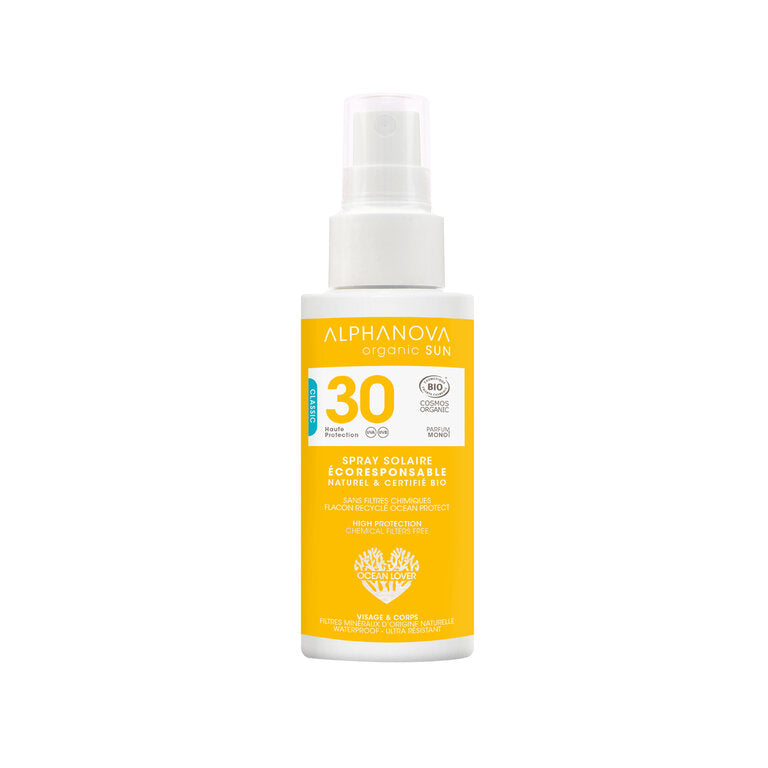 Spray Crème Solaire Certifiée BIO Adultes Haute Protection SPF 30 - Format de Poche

---

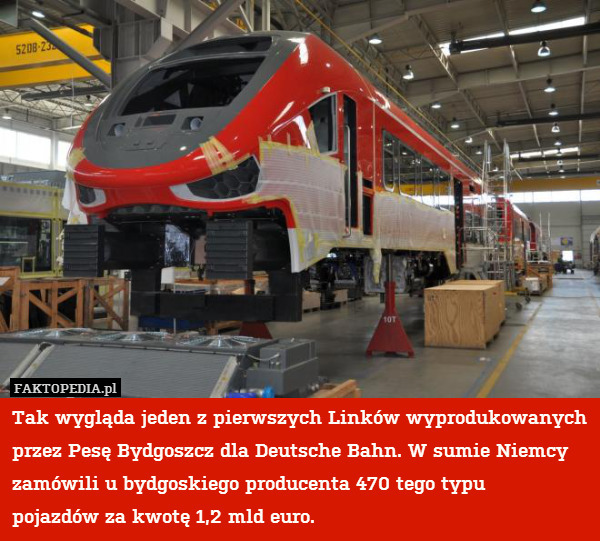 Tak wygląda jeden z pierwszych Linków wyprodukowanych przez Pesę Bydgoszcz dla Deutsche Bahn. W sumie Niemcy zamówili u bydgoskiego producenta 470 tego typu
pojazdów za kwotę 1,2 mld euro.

* * *

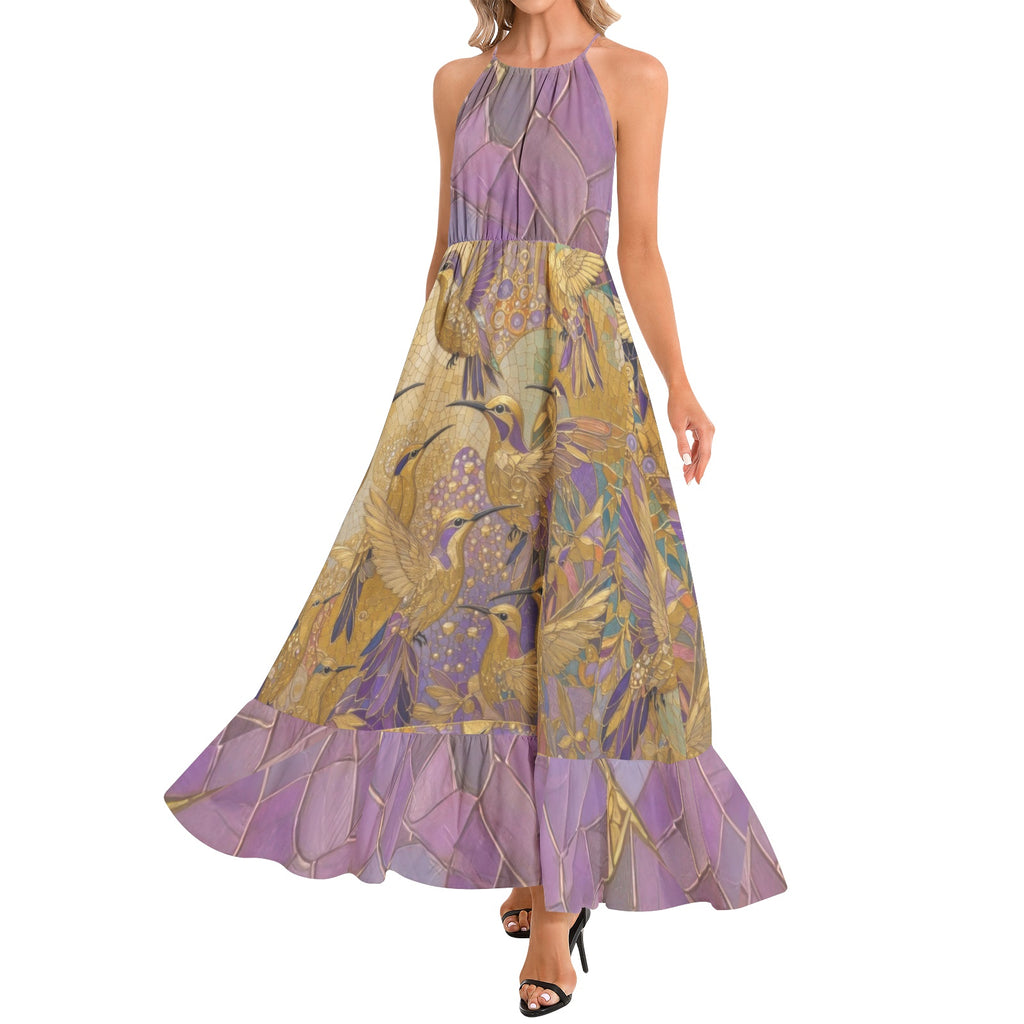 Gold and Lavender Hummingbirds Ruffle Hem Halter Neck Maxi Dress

WHAT IS EXPECTED: Go to the line above that contains "Tak wygląda jeden" and reproduce everything exactly from there through the line that contains "pojazdów za kwotę 1,2 mld euro.", leaving out the pictures.

TASK RESPONSE:
 Tak wygląda jeden z pierwszych Linków wyprodukowanych przez Pesę Bydgoszcz dla Deutsche Bahn. W sumie Niemcy zamówili u bydgoskiego producenta 470 tego typu
pojazdów za kwotę 1,2 mld euro.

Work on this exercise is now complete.